McCrindle’s farm sits on eight acres of land and is capable of growing about 8,000 trees. Every year, she estimates, they sell about 1,000, which means that every year she and her family get out on the farm, dig the holes, plant the seeds and make sure they’re watered and later pruned.

They grow Scotch pines, white spruce, balsam fir and white pine trees, each with different features to cater to customers’ various needs.

“Some people like the Scotch pine because they like the way it smells,” she says. “It reminds people of the traditional Christmas.”

She says, however, that fir trees are becoming more popular because of the longer life span and shorter needles.

Located about 45 minutes from Toronto, the farm sells pre-cut trees or lets people go out and harvest their own. They provide saws and sleds, as well as activities for the kids.

For those who need a little warming up, there is apple cider available to complete the experience.

Some people, of course, think it’s more effective to save themselves the trouble and just buy a fake plastic tree. However, McCrindle is quick to point out the misconceptions many have when making that decision.
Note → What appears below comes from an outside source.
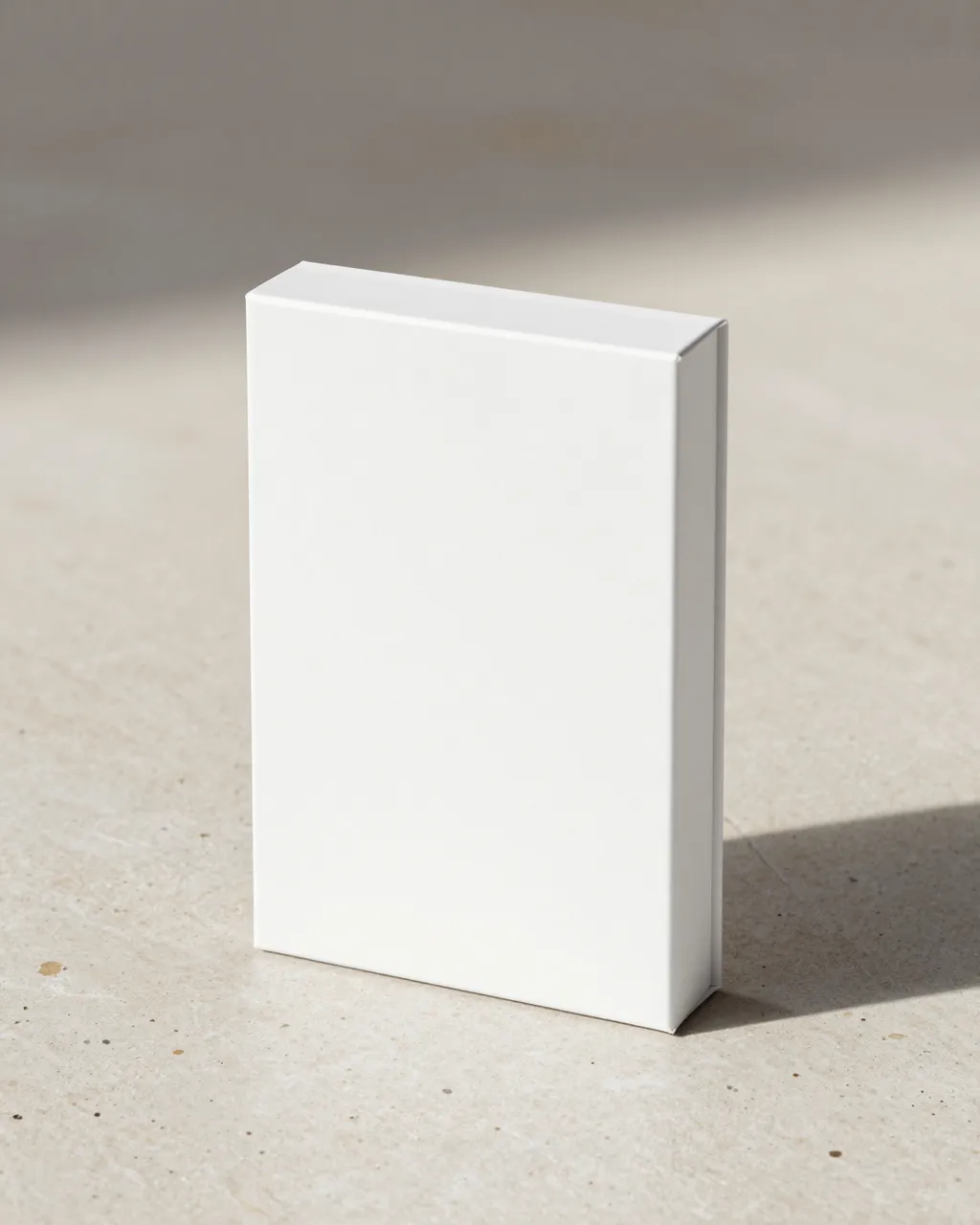 A blank upright white rectangular box rests on a light beige stone surface with a soft cast shadow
“I’m a believer in the real tree,” she says. “Environmentally, it’s a better decision.”

She explained that Christmas trees are crops, and not simply picked from a forest with no regard. Over the seven to 12 years they take to mature, they produce oxygen, while helping the soil. Furthermore, they will never end up in a landfill. Most municipalities now have curb side pickups for used trees, where they are taken, broken down and turned into mulch that can be used for a variety of purposes.

So, there you have it: This symbol of Christmas is much more than a tree-shaped Mr. Dressup. It’s the product of lots of hard work, and it took roughly a decade to perfect.